The hostile environment of an active submarine volcano being a candidate suitable for life to exist is shocking. Also quite humbling. The University of Hawaii does a tremendous amount of research at the Loihi Seamount near the Big Island, I was lucky enough to get a dataset of ~30,000 images from an expedition thanks to Dr. Brian Glazer. Given the size of the dataset and the nature of the expedition, most of the images are either a ‘blank’ seafloor (see pic below) or a select few of interest that have Fe-oxidizing microbial (FeM) colonies. The task of a classifier would be to sift the large dataset for only the ones that have interesting surface features and FeM.
The Dataset:
The first dataset I gathered was relatively straightforward. It was a manner of “Colony present” or “None”. An example of the two classes are below with 100 images each..


Model Architecture v1:
The first model was straightforward, three convolutional layers with a final fully connected layer on top.

Starting simple gave a good chance to understand the initial sense of workflow & what deep-sea features would be of interest.

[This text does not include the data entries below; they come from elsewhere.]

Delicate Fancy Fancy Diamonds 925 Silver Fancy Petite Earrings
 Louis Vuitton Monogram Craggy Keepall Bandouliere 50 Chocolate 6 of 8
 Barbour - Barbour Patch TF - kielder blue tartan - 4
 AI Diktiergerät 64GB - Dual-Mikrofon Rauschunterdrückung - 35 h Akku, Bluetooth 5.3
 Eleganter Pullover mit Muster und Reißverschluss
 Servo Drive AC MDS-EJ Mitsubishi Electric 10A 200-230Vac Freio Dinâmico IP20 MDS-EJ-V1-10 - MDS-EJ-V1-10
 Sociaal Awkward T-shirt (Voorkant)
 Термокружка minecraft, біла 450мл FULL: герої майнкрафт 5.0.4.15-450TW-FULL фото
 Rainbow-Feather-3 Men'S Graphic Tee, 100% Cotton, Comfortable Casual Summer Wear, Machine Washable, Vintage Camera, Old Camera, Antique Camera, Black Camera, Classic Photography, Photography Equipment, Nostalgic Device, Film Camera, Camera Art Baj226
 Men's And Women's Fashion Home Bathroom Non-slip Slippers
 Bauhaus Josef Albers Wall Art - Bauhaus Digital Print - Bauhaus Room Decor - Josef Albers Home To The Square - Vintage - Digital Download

Perhaps what is really necessary is a way to discard the thousands of images that contain nothing but dark ocean depths. Nevertheless the first model performed as expected from the tensorboard visualizations. The model was overfit but it was still able to classify some random inputs with ~80% accuracy. It could be the lack of data provided or the nature of the data having a close similarity to each other.
Improving our Model:
To avoid the guessing game and improve the accuracy of the model, I want to try a different approach. This time the dataset will be constructed with “Surface features present” or “blank”, unlike the previous model which attempted to differentiate the images which also included FeM. My hypothesis is that a simple model could be trained to recognize the surface features of the sea floor, then acting as the bottom layers for a new network. Another model could then use these weights, while using the top layers to determine FeM presence.